A major corporate acquisition could reshape the hardware that makes AI tick.
What’s new: U.S. processor giant Nvidia, the world’s leading vendor of the graphics processing units (GPUs) that perform calculations for deep learning, struck a deal to purchase UK chip designer Arm for $40 billion. The transaction faces regulatory approvals and other hurdles, but if it’s completed, it will be the biggest-ever acquisition in the chip industry and one of the biggest technology deals.
Deal drivers: Nvidia’s technology undergirds much of the cloud infrastructure for AI workloads, while Arm’s technology drives inference in 95 percent of smartphones.
- Nvidia said it plans to integrate Arm’s energy-efficient designs with its data center chips.
- It also aims to use the technology to spur the internet of things, a buzzword for devices like smart thermostats, doorbells, speakers, and industrial equipment that are expected to distribute intelligence throughout buildings and infrastructure.
- Nvidia CEO Jensen Huang envisions trillions of AI-equipped devices enabling everything from autonomous heavy machinery to walk-through retail checkout.
- Huang also plans to extend Arm’s licensing practices, which let any company lease its designs, to Nvidia’s GPUs and AI services.

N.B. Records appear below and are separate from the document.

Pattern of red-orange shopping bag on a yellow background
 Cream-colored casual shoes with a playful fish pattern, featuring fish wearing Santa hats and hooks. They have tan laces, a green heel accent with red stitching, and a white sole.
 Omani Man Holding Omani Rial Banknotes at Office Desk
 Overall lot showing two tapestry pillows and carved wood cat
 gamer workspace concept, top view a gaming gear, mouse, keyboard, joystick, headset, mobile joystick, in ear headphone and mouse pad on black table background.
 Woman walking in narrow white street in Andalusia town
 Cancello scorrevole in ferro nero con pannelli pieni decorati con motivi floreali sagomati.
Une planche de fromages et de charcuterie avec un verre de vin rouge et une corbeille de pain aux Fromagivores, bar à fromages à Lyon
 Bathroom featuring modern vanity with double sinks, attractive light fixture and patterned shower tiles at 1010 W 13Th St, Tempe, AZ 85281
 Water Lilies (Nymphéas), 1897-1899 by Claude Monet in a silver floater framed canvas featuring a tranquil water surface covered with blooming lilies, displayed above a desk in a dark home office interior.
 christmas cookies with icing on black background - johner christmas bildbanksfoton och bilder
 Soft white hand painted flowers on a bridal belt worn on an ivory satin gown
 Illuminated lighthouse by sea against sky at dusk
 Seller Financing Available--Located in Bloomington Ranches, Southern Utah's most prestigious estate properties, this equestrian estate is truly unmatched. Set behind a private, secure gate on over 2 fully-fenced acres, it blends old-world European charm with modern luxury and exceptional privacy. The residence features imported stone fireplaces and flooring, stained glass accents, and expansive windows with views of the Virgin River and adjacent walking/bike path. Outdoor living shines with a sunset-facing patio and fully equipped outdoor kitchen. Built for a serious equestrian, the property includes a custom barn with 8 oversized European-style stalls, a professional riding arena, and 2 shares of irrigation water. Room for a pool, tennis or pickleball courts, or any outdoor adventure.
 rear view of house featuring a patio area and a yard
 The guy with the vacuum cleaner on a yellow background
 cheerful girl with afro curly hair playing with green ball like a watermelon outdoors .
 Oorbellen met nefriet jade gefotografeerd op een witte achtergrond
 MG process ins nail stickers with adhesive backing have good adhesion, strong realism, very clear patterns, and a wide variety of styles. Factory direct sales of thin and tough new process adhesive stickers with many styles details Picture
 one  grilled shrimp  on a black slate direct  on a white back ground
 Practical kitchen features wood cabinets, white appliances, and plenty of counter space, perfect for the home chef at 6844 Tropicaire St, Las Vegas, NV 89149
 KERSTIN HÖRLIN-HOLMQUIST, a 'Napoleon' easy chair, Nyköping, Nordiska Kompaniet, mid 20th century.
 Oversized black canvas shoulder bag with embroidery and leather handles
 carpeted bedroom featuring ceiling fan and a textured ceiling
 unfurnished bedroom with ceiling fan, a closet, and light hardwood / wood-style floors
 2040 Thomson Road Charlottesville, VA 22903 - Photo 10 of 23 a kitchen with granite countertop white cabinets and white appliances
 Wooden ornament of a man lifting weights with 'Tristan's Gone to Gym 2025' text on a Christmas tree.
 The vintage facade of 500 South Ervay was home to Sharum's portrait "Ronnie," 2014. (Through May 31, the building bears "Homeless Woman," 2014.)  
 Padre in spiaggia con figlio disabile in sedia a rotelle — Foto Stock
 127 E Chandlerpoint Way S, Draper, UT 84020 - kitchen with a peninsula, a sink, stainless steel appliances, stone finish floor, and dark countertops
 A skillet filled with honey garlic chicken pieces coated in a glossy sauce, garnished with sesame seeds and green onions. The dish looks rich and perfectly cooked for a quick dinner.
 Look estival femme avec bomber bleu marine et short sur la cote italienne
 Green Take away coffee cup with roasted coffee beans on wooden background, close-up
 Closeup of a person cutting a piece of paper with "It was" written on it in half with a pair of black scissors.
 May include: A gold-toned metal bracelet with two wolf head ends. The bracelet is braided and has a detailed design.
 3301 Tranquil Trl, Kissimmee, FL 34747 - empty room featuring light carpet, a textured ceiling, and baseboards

Behind the news: Nvidia developed GPUs to process high-resolution video game graphics in 1999. Nearly a decade later researchers realized their potential for training deep learning models. Since then, the company’s value has multiplied tenfold.
Why it matters: By combining Arm’s energy efficiency with its growing presence in the cloud, Nvidia chips may be able to drive coming generations of multi-trillion parameter models.
Yes, but: Mergers are difficult to pull off, and international tie-ups of this scale especially so. Whether Nvidia can take full advantage of its new possession may remain unclear for a long time. Meanwhile, Arm co-founder Hermann Hauser is urging UK authorities to block the deal on the grounds that it would put Nvidia on the road to monopolizing the chip industry.
We’re thinking: Data centers increasingly require both CPUs to process traditional workloads and GPUs to process deep learning (with help from a CPU). Data center operators would appreciate a vendor that can supply CPUs and GPUs that interoperate smoothly. That’s one reason why CPU producers like Intel and AMD are expanding into GPUs, and why Nvidia wants to buy Arm.